Toplum resmi olarak (Dirençli, Mucit, Yükçeker, Damızlık vs.) yirmi “fayda-sınıfına” ayrılıyor. Ancak bu sınıfların pratikte yedisi kullanılıyor. Bu fayda sınıfları birinin hem toplumdaki hiyerarşik konumunu hem de iş bölümündeki payını belirtiyor diyebiliriz. Ve kendi isimlerini söylemeden önce bağlı olduğu cemiyetle fayda sınıflarını da belirtmeleri gerekiyor:

“Yumenesli, Dirençli, Jija”

“Her birini faydalarına göre seç. Liderler ve dayanıklılar, doğurganlar ve elinden iş gelenler, bilgeler ve amansızlar.
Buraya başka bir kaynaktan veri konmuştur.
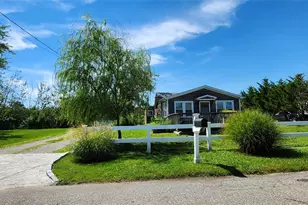 56 Cranberry Dr, Mastic Beach, NY 11951 - Photo 6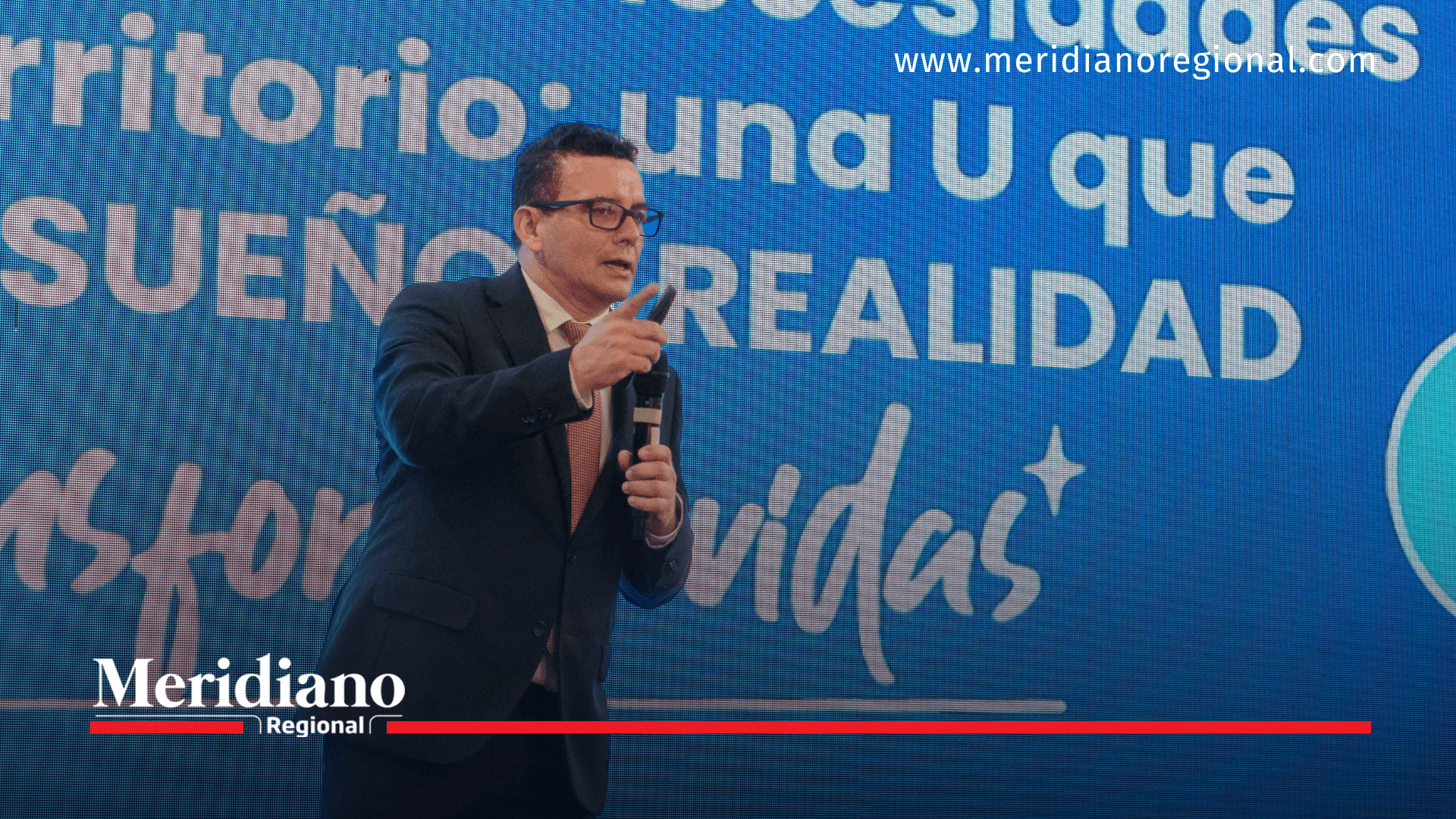 28 expresidentes iberoamericanos condenan la intención de Gustavo Petro de convocar una consulta popular por decreto, sin aval del Congreso. Lo califican como un atentado contra la legalidad democrática.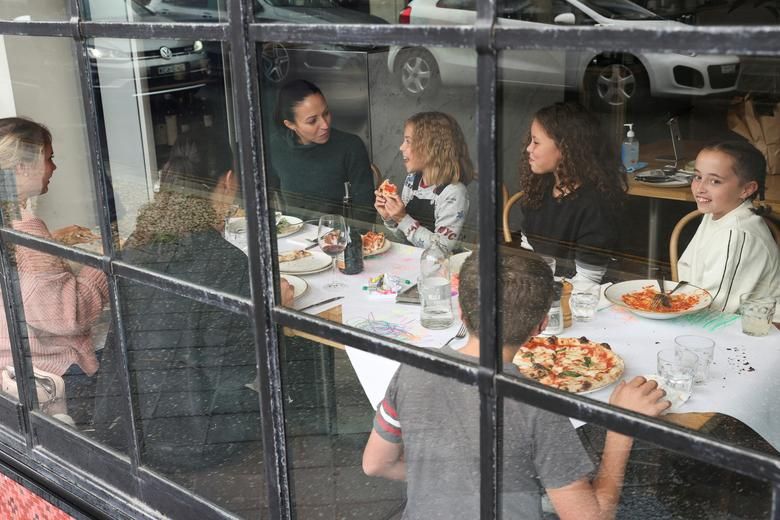 dich covid 19 cac nuoc noi long cach ly xa hoi nguoi dan tranh thu bung lua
Ve hepsini korumak için de birkaç güçlü kuvvetli Yükçeker.”

– Beşinci Mevsim(5)

Bu fayda sınıflarından tutun da gezegendeki diğer türlere karşı yaklaşıma kadar daha birçok tavsiye, uyarı ve kurallar “Taş İrfanı” denilen kadim bir yazıtta sıralanıyor. Taş İrfanı, küresel bir felaket (Devasa bir deprem, ardışık volkanik patlamalar, manyetik merkezin kayması gibi) akabinde vuku bulan ve onlarca yıl süren uzun kış döneminde daha da önemli bir hâl alıyor. Zira “Beşinci Mevsim” dedikleri bu ölüm döneminde hayatta kalmalarının irfana ne kadar uyup uymadıklarıyla yakından alakalı olduğunu söyleyebiliriz.
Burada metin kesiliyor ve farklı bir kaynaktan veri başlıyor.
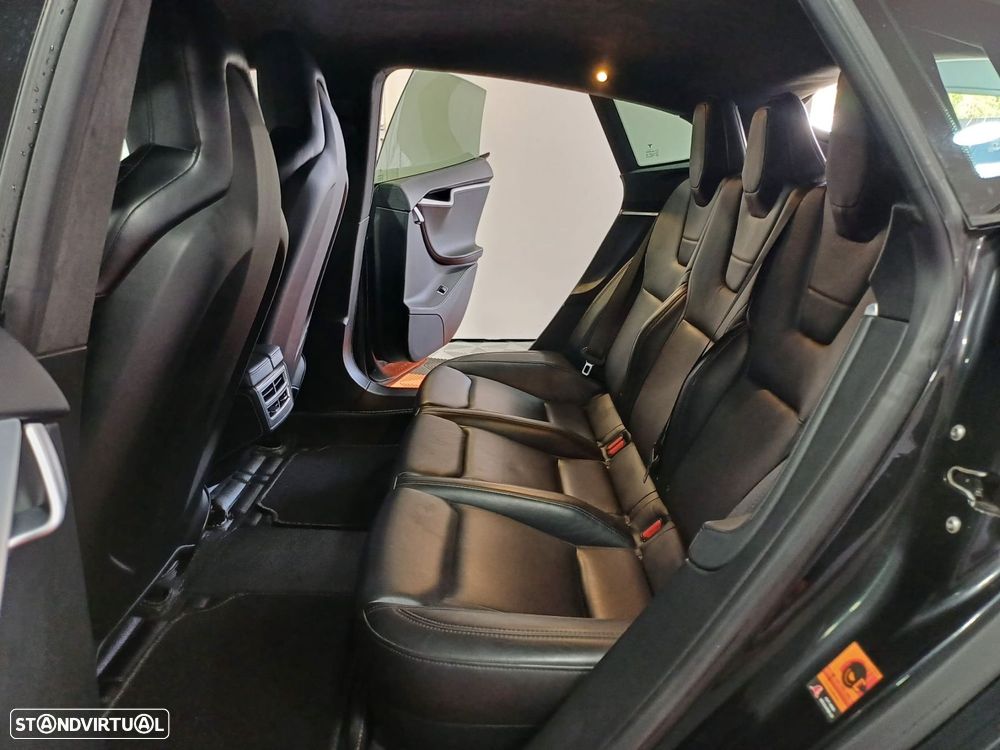 Tesla Model S P85D - 13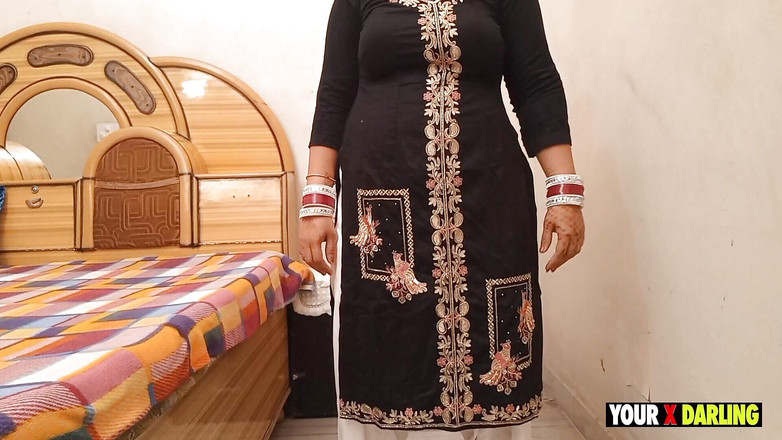 Jony Darling: Чачі з великою дупою змінює її тканину, а хлопець дивиться на її чачі, зловив його і покарав його трахом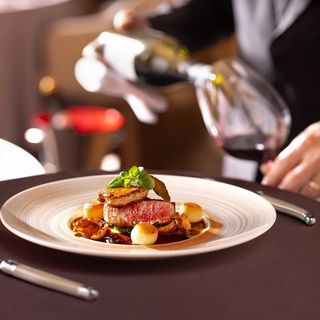 スペシャリテ牛フィレ肉とフォアグラ、トリュフの「ロッシーニ風」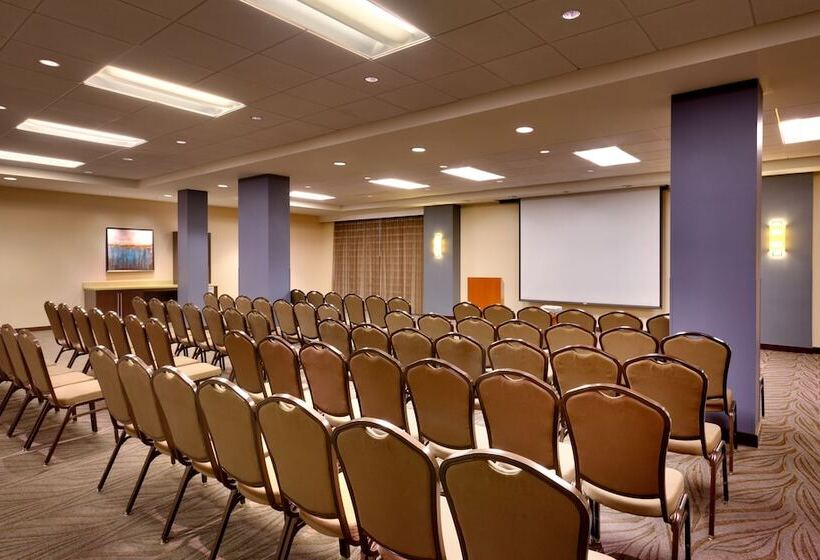 Курорт Hyatt Place Waikiki Beach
“Kış, Bahar, Yaz, Güz; Ölüm beşincisi ve hepsinin ustası.” – Beşinci Mevsim(6)

Beşinci mevsimin etkilerine karşı Taş İrfanı olsa da küresel felaketlerin yıkıcılığından insanların korunması için yeterli olmuyor. O yüzden imparatorluk toprağın derinliklerinden gelen gücü sınırlı ölçüde kullanabilen özel yetenekli insanlardan faydalanıyor. Bu depremleri önleyebilen ya da volkanları sakinleştirebilenlere “Orojen” deniyor ve yeteneği olmayanlardan meydana gelen toplum onlardan korkuyor. Korku nefreti doğuruyor. Ve nefret linci ortaya çıkarıyor.

Eğer bir Orojen küçük yaşta linç edilmezse imparatorluğun eline geçiyor. Ve “Muhafızlar” denilen, yine özel güç ve bilgiye sahip, imparatorluk destekli bir tarikat hem onları halktan hem de halkı onlardan koruyor ve imparatorluk için faydalı olmalarını sağlıyorlar.

Ayrıca “Taş Yiyiciler” denilen gizemli bir tür daha bulunuyor ki bunlar taşın içinden dahi kolayca geçebiliyorlar ve başka şeyler daha…

Hikâye Anlatan Önsöz Amca

Önsözlerle ilgili bir başlık atacağıma ve onlar hakkında konuşacağıma hiç ihtimal vermezdim. Zira önsözleri sevmiyorum ve çoğunlukla es geçiyorum. Bu konuya bakış açımı Oğuz Atay’dan çalıyorum.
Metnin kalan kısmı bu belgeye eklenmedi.